ACTION ITEM:
Write out again the lines from the line with "My Daughter And" up to and including the line with "Le surfeur français Joan Duru à Hossegor", exactly as they stand below, and skip any picture.

(Short text fragments from websites)
■ ■ ■ ■
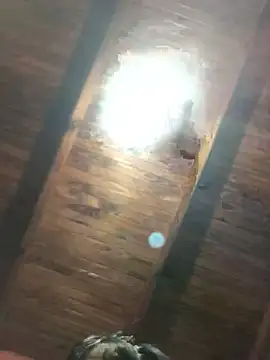 Laacoluu online show from April 26, 2026, 5:16 am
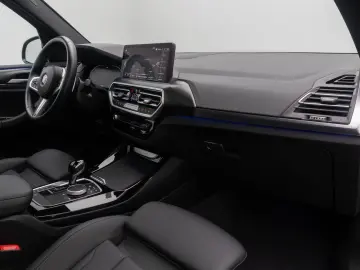BMW X3 xD30i M Sport AHK Kamera DAB HUD Panorama 20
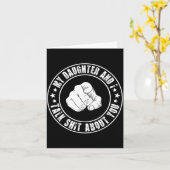 My Daughter And I Talk About You Funny Matching Da カード (黄色い花)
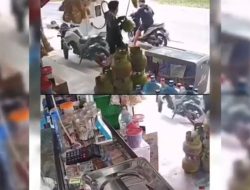 Pura-pura Beli, Dua Pemuda Di Jombang Terekam Cctv Gasak Tabung Gas Elpiji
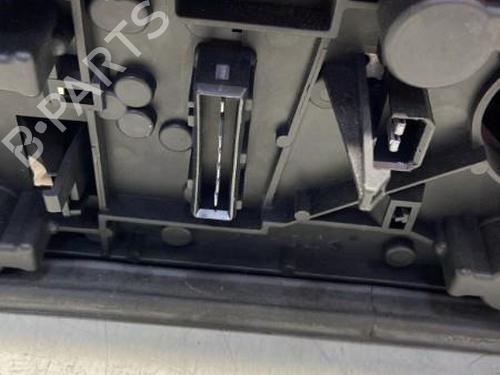 Fanale posteriore sinistro PEUGEOT 306 Hatchback (7A, 7C, N3, N5) 1.6 (89 hp) 29369701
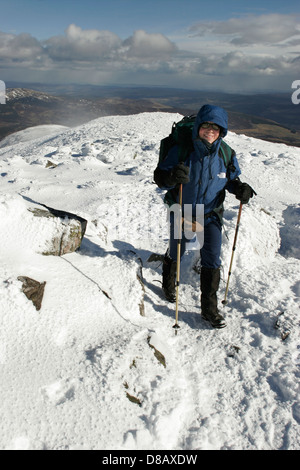 Walker in inverno sul schiehallion Foto Stock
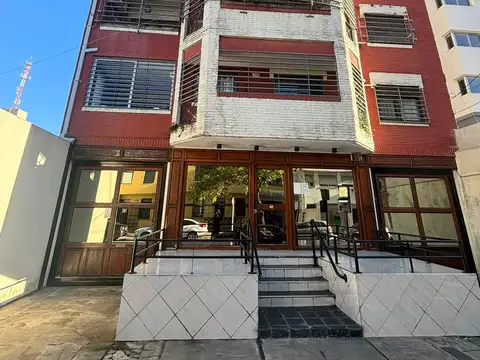 Departamento en venta de 2 Ambientes con cochera en Quilmes Centro, Apto crédito!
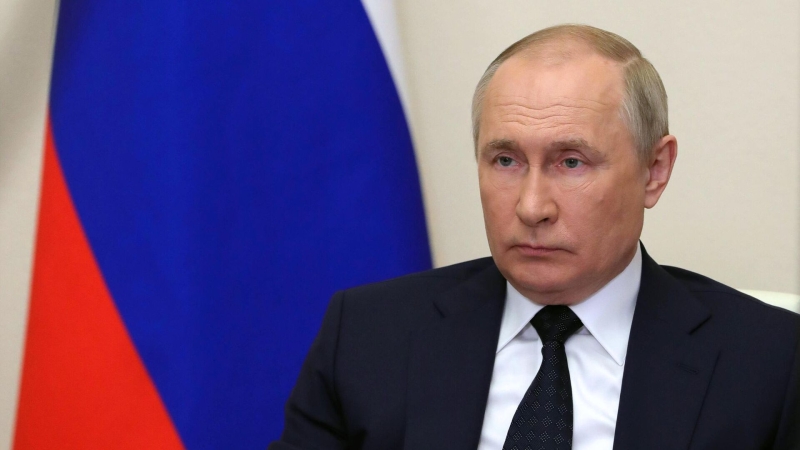 Путин в понедельник примет с докладом главу Удмуртии, заявил Песков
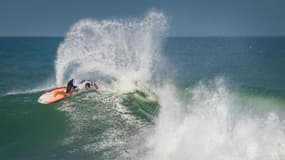Le surfeur français Joan Duru à Hossegor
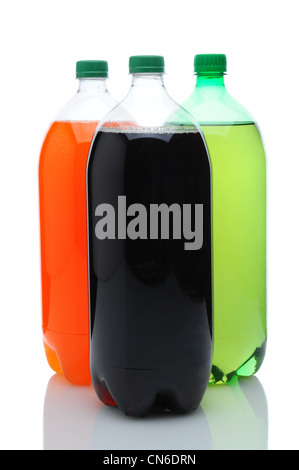 Drei Kunststoff 2 Liter Soda-Flaschen mit Reflexion. Stockfoto
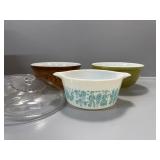Pyrex Serving Bowls with (2) extra lids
■ ■ ■ ■
ANSWER FOR THE TASK:
 My Daughter And I Talk About You Funny Matching Da カード (黄色い花)
 Pura-pura Beli, Dua Pemuda Di Jombang Terekam Cctv Gasak Tabung Gas Elpiji
 Fanale posteriore sinistro PEUGEOT 306 Hatchback (7A, 7C, N3, N5) 1.6 (89 hp) 29369701
 Walker in inverno sul schiehallion Foto Stock
 Departamento en venta de 2 Ambientes con cochera en Quilmes Centro, Apto crédito!
 Путин в понедельник примет с докладом главу Удмуртии, заявил Песков
Le surfeur français Joan Duru à Hossegor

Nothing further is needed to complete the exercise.